Overview

Derazantinib in Subjects With FGFR2 Gene Fusion-, Mutation- or Amplification- Positive Inoperable or Advanced Intrahepatic Cholangiocarcinoma

Status:
Recruiting

Trial end date:
2022-06-30

Target enrollment:
0

Participant gender:
All

Summary

This pivotal, open-label, single-arm study will evaluate the anti-cancer activity of derazantinib by Objective Response Rate (ORR) by central radiology review as per RECIST v1.1 in subjects with inoperable or advanced intrahepatic cholangiocarcinoma (iCCA) whose tumors harbor FGFR2 gene fusions (by FISH performed by the central laboratory) or FGFR2 gene mutations or amplifications (based on NGS testing performed or commissioned by the respective study center) and who received at least one prior regimen of systemic therapy. Subjects will be dosed orally once per day at 300 mg of derazantinib capsules.

Phase:

Phase 2

Accepts Healthy Volunteers?

Details

Lead Sponsor:

ArQule
Basilea Pharmaceutica

Criteria

Inclusion Criteria:

1. Signed written informed consent granted prior to initiation of any study-specific
procedures

2. 18 years of age or older

3. Histologically or cytologically confirmed locally advanced, inoperable (where surgery
is not indicated due to disease extension, co-morbidities, or other technical
reasons), or metastatic iCCA or mixed histology tumors (combined
hepatocellular-cholangiocarcinoma [cHCC-CCA])

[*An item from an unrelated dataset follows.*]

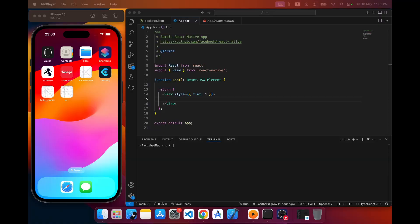Hi guys, I'm back with another React Native tutorial. The reason I wanted to create this tutorial is because of a problem I faced recently when starting a new React Native project. Before version 0.77, React Native provided the iOS folder structure in Objective-C, but after that version they moved to Swift as the default iOS language.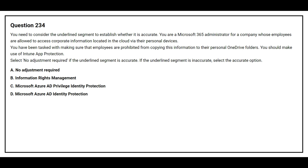Option B, information rights management. Option C, Microsoft Azure AD, privileged identity protection. Option D, Microsoft Azure AD, identity protection. The correct answer is Option B, information rights management.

4. Substudy 1: FGFR2 fusion status based on the following assessments:

a) If central laboratory designated by Sponsor: Positive FISH test; and/or b) If
non-central laboratory: i) Positive FISH or NGS test: patients may be enrolled and may
start dosing, but central confirmation is required* ii) Negative FISH or NGS test:
tissue may be submitted to the central laboratory designated by the Sponsor, and
patients may only be enrolled if the central test is positive

*Using standard protocols and approved by local IRB/EC, by CLIA or other similar
agency.

Substudy 2: FGFR2 mutation/amplification status based on local NGS testing performed
or commissioned by the respective study site.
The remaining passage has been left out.